● WORK TO BE COMPLETED: What's needed is the listing below, repeated word for word with no pictures.

● EXERCISE DATA:

○ ○ ○

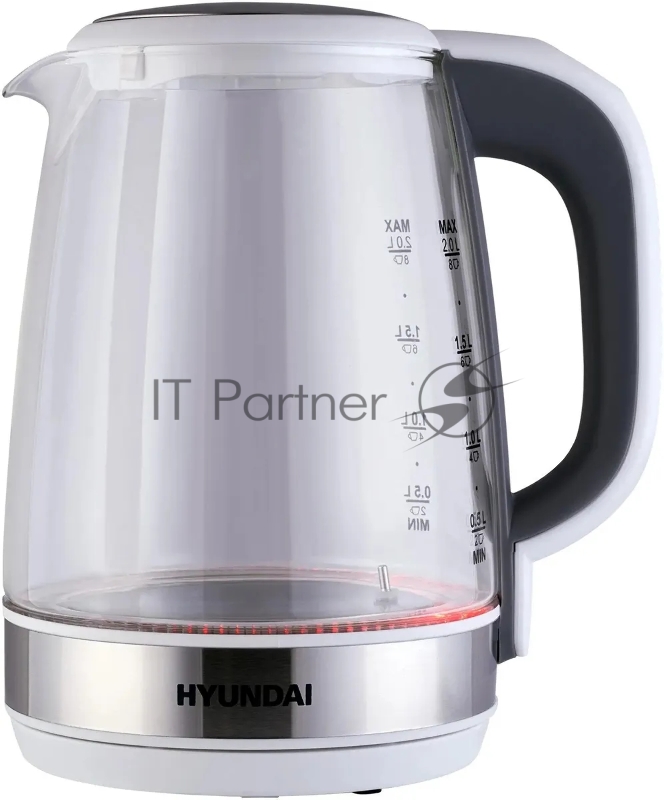 Чайник электрический Hyundai HYK-G8880 2л. 2200Вт серый/серебристый корпус: стекло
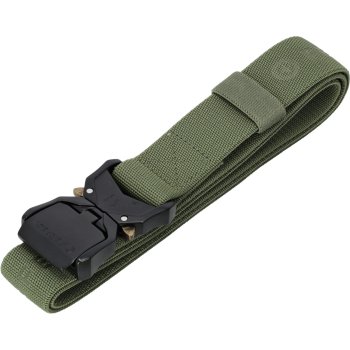 Pasek do spodni SURVIVAL STALCO PERFECT taśma elastyczna metalowa klamra zaciskowa khaki czarny szary długość 130cm szeroki 4cm 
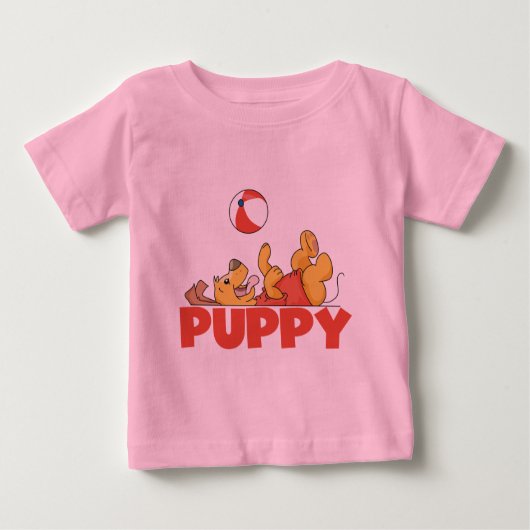 子犬はTシャツおよびギフトを遊びます ベビーTシャツ (正面)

○ ○ ○

● REPLY TO THE TASK:
 Чайник электрический Hyundai HYK-G8880 2л. 2200Вт серый/серебристый корпус: стекло
 Pasek do spodni SURVIVAL STALCO PERFECT taśma elastyczna metalowa klamra zaciskowa khaki czarny szary długość 130cm szeroki 4cm 
 子犬はTシャツおよびギフトを遊びます ベビーTシャツ (正面)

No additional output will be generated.